Il nome del difensore è legato indissolubilmente al club nerazzurro con cui ha conquistato tutto: 4 scudetti, 2 Coppe dei Campioni e due Coppe intercontinentali. Tuttavia, nella sua “agenda” figura anche un campionato con la Juventus nel 1960-61 e una Coppa di lega italo-inglese con il Napoli nel 1975-76.
Con la Nazionale azzurra, invece, ha collezionato in totale 66 presenze e due gol: alzò la Coppa del campionato europeo nel 1968, quello delle due finali di Roma, e fu titolare nella difesa azzurra del mondiale messicano del 1970 perso in finale contro il Brasile di Pelé (in quell’occasione è passato alla storia lo scatto in cui Pelé volò in cielo e Burgnich che non riuscì a fare altrettanto).
Una volta lasciato il calcio, Burgnich ha intrapreso la carriera di allenatore ma senza troppi successi: è stato tecnico di Catanzaro, Bologna, Como, Livorno, Foggia, Lucchese, Cremonese, Genoa, Ternana, Salernitana, Pescara e L.R. Vicenza.

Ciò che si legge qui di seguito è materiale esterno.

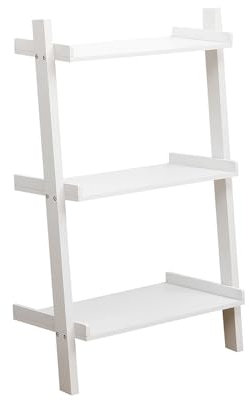 Home Source Ladder Bookcase Shelving Unit Display Ornament Stand Shelf Wall Rack Storage, White, 3 Tier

Dopo aver lasciato il lavoro di allenatore divenne osservatore dell’Inter.
Quello di seguito è una parte del ricordo espresso dall’Inter sul sito ufficiale: “Ci sono degli uomini che vorresti sempre avere al tuo fianco, dei calciatori che vorresti sempre nella tua squadra, delle leggende che vorresti facciano sempre parte della tua storia. Tarcisio Burgnich ha incarnato la forza e i valori del nostro Club e l’Inter ha avuto il privilegio di vederlo lottare per i propri colori: statuario, implacabile, umile e sempre leale. Entrato nella storia della Grande Inter e nella memoria dei tifosi nerazzurri per la grande tempra ed il carattere che mostrava in campo, ha formato con Giacinto Facchetti una delle coppie di terzini più forti del mondo in quell’Inter dove la difesa era un punto fermo, forgiata dal “mago” Herrera con campioni preparati atleticamente e mentalmente per affrontare e fermare ogni tipo di avversario. Come nella partita che Burgnich ha portato sempre nel cuore, giocata due anni dopo il suo arrivo in nerazzurro, quella finale contro i mostri sacri del Real Madrid di Di Stéfano, Puskás, Gento, “quelli che noi avevamo visto solo nelle figurine”. Un giorno che riuscì a stravolgere le gerarchie e a portare la prima Coppa dei Campioni nella bacheca nerazzurra. E poi la storia che si ripete, esattamente un anno dopo, contro il Benfica di Eusebio a San Siro (…) Umile e determinato, insuperabile per gli avversari e prezioso alleato per i suoi compagni: oggi il suo sguardo fiero e la sua forza sono ricordi preziosi, un’immagine che rimarrà sempre impressa nella nostra storia. Ciao Tarcisio, sarai sempre la nostra “Roccia””.